La pressione dei radicali islamici
L’accordo raggiunto venerdì sera tra il governo pakistano e i radicali islamici che vogliono annullare la sentenza di assoluzione di Asia Bibi è “una vergogna”. Lo dichiara ad AsiaNews Kashif Hussain, scrittore e attivista, che contesta il patto siglato tra l’esecutivo di Imran Khan e i fondamentalisti del Tehreek-e-Labbaik Pakistan (TLP). L’accordo nasce con l’obiettivo di mettere fine alle manifestazioni che da giorni bloccano le maggiori città del Paese. “Non è accettabile”, continua lo scrittore, “che il gruppo islamico metta in discussione” il verdetto pronunciato dal massimo organo dello Stato. Questo è un rischio “per la stabilità dello Stato” .
Tre giorni fa, il premier Imran Khan aveva dato l’impressione di voler reagire alla pressione del TLP, accusandoli a sua volta di offendere l’Islam, ma alla fine ha ceduto alle pressioni della piazza e così è stato invece firmato l’accordo, per mano del ministro della Giustizia del Punjab, Raja Basharat, e di Noorul Haq Qadri, ministro per gli Affari religiosi, e Pir Muhammad Afzal Qadri, leader del Tlp.

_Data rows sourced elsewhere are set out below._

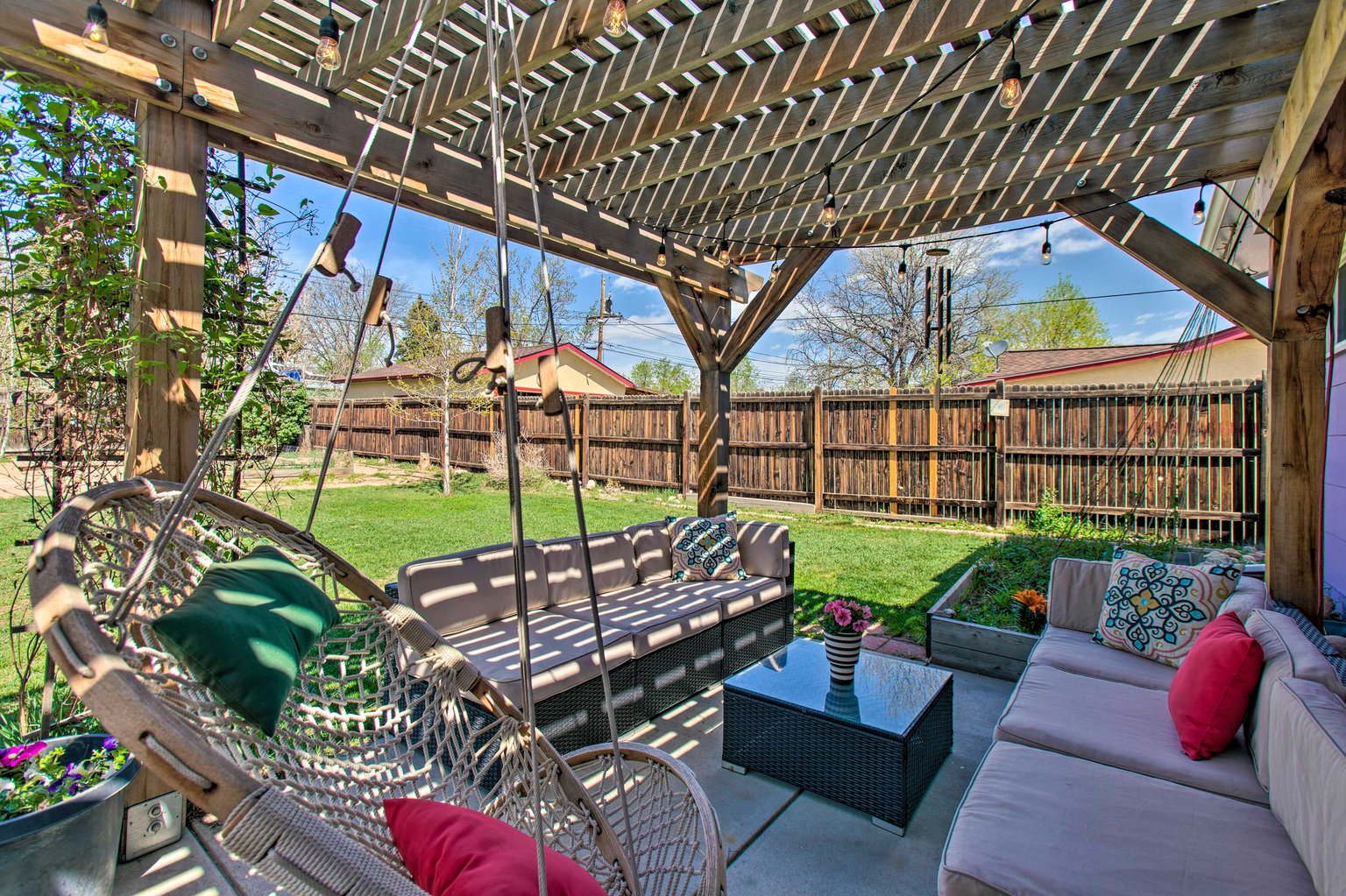 Denver Vacation Rental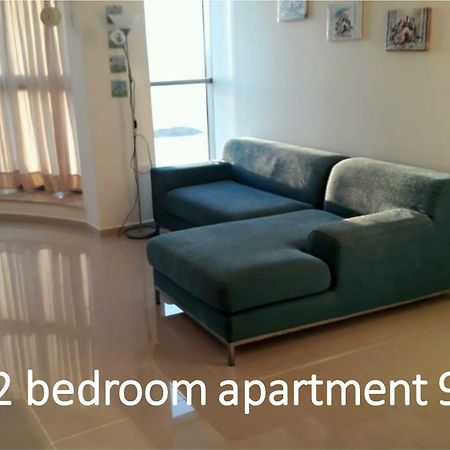 Israel-Haifa Apartments Extérieur photo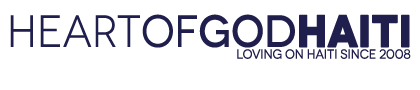 Heart of God Haiti Logo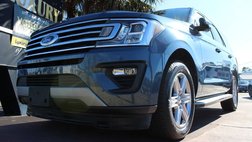 2019 Ford Expedition XLT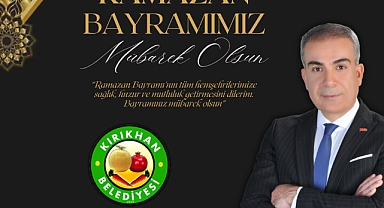 Kırıkhan’da Yüzleri Güldüreceğiz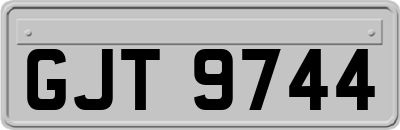 GJT9744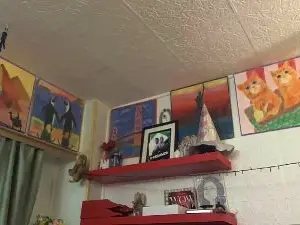 Kellynumber8  live sex cam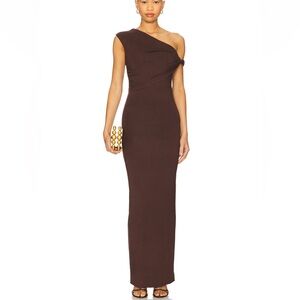 Superdown Alessia Maxi Dress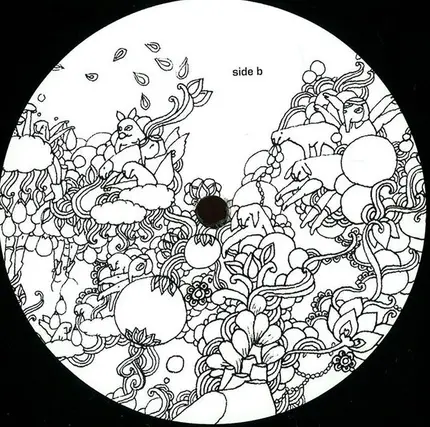 Pehr Genlogue - Dunkel
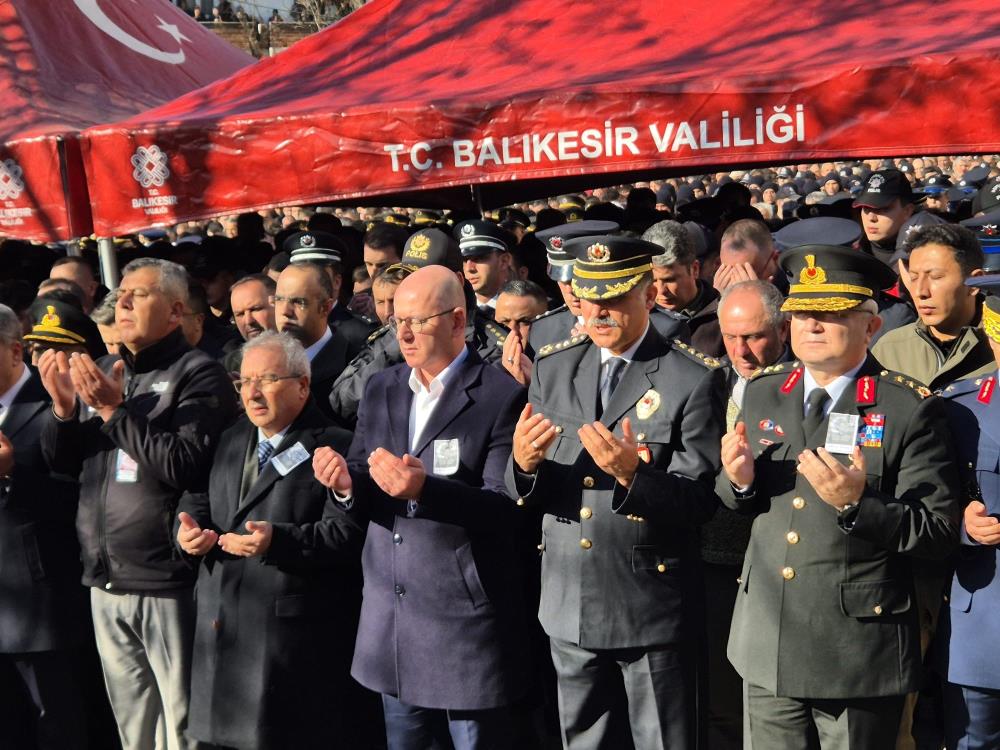 AW364986 03 - Marmara Bölge: Balıkesir Son Dakika Haberleri ile Hava Durumu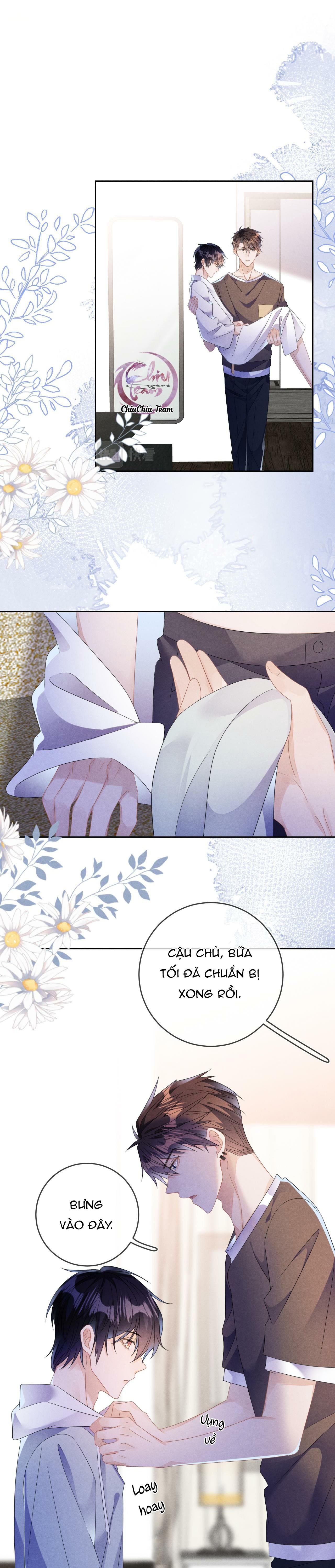 Cường Liệt Công Kích Chapter 56 - 6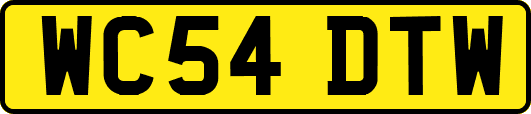 WC54DTW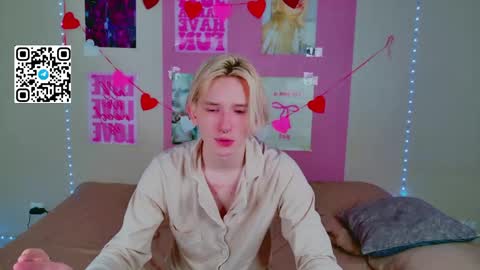 Ron online show from 02/23/26, 07:06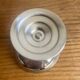 Sorbet ice cream bowl Letang Remy France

Esso – spiega Asia News – si compone di cinque punti: il nome di Asia Bibi viene inserito nella Exit Control List (Ecl), che le impedirà di allontanarsi dal Paese; il governo non si opporrà alla richiesta di revisione della sentenza di assoluzione pronunciata dalla Corte suprema; l’esecutivo dovrà risarcire le vittime delle proteste; inoltre rilascerà i manifestanti arrestati nei giorni scorsi; da parte loro, gli estremisti del Tlp si scusano se le manifestazioni hanno “offeso i sentimenti delle persone”.
Secondo l’intesa, il governo dovrà risarcire le vittime delle proteste e rilasciare i manifestanti arrestati in questi giorni. Gli islamisti hanno annunciato la fine della protesta nazionale ma avvertendo che “se l’accordo non sarà applicato, scenderanno di nuovo in strada” (Vatican News).